Generative Adversarial Networks (GANs) use an approach where the model performs an implicit density estimation. In this case, we train a model that can create samples from pmodel(x) without explicitly defining pmodel(x); the model learns a stochastic procedure that generates data but does not provide knowledge of the probability of observations or specify a conditional log-likelihood function;
Variational autoencoders (VAE) use an explicit density estimation but define an intractable density function with latent variables that cannot be optimized directly. So, to train the model, we derive and optimize the lower bound of likelihood instead (approximate density); we optimize the log-likelihood of the data by maximizing the evidence lower bound (ELBO) (more details can be found here and here);
Autoregressive (AR) models create an explicit density model that is tractable to maximize the likelihood of training data (tractable density).

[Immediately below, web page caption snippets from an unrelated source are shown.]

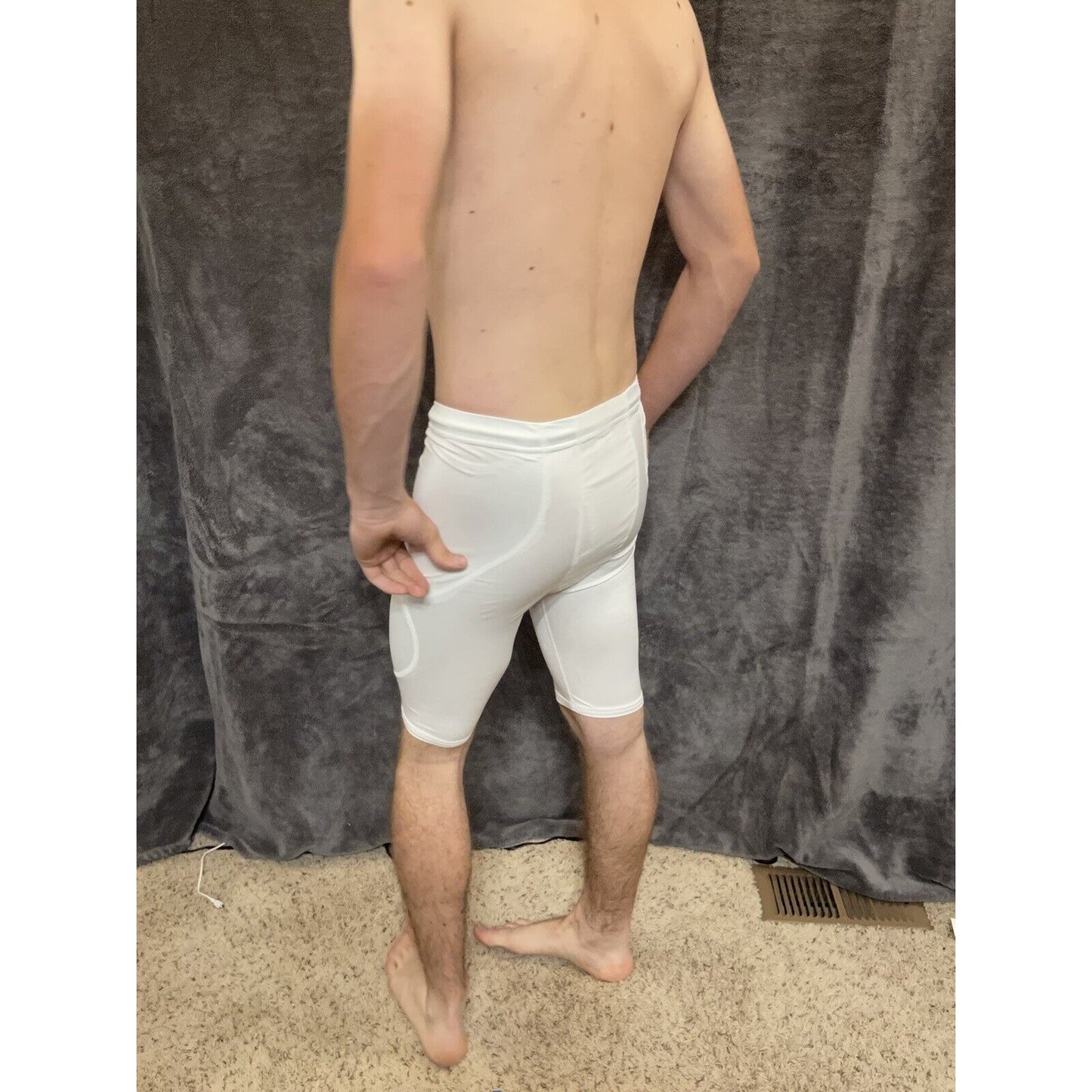 men's alleson athletic Large white football compression shorts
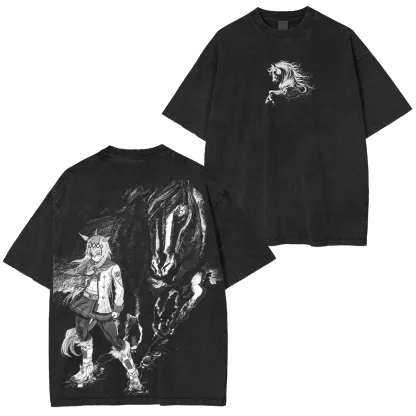 Uma Musume Vintage Unisex Washed T-Shirt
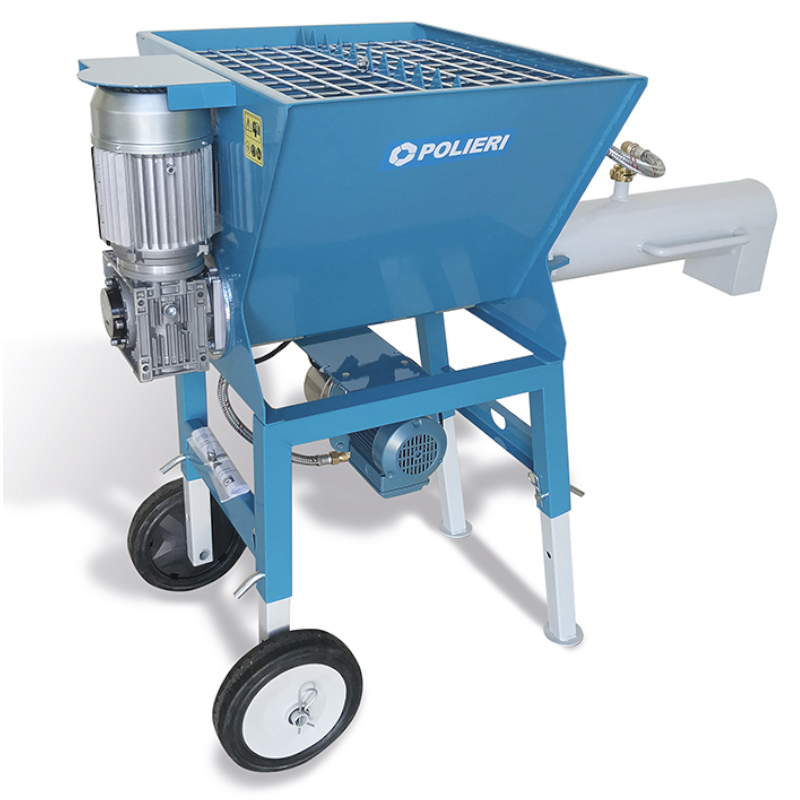 Mescolatore continuo orizzontale Polieri Roto 18 2kW con flussimetro per malte, intonaci e massetti Polieri - 3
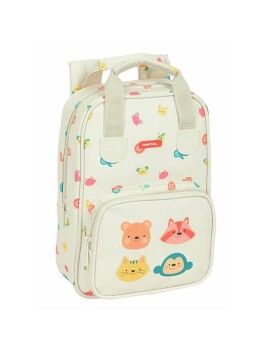 Mochila Infantil The Avengers Animals Creme Com pegas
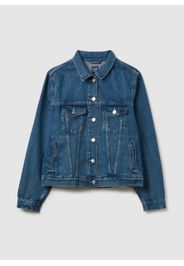 GAP, Giacca Corta In Denim, Donna, Denim, Taglia: XXS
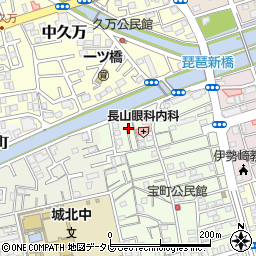 高知県高知市宝町32周辺の地図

For this reason, with these methods, it is easy to compute the likelihood of data observation and to get an evaluation metric of the generative model.

As we mentioned, the autoregressive is one practical approach that provides an explicit modelling of the likelihood function. However, to model data with several dimensions/features, autoregressive models need to impose some conditions. First, the input-space X needs to have a determining ordering for its features. That is why autoregressive models are normally used for time series that have an intrinsic sequence of time steps. However, they can be employed for images by defining, for example, that the pixels on the left come before the ones on the right, and the ones on top before the ones on the bottom. Second, to tractably model the joint distribution of the features in a data observation (p(x)), the autoregressive approach casts p(x) as a product of conditional distributions.

Autoregressive models define the joint distribution using conditionals over each feature, given the values of the previous features. For example, the probability of a pixel from an image to have a specific intensity value is conditioned by the values of all previous pixels; and the probability of an image (the joint distribution of all pixels) is the combination of the probability of all its pixels. Therefore, autoregressive models use the chain rule to decompose the likelihood of the data sample x into a product of 1-dimensional distributions (equations below). The factorization turns the joint modelling problem into a sequence problem, where one learns to predict the next pixel given all the previously generated pixels.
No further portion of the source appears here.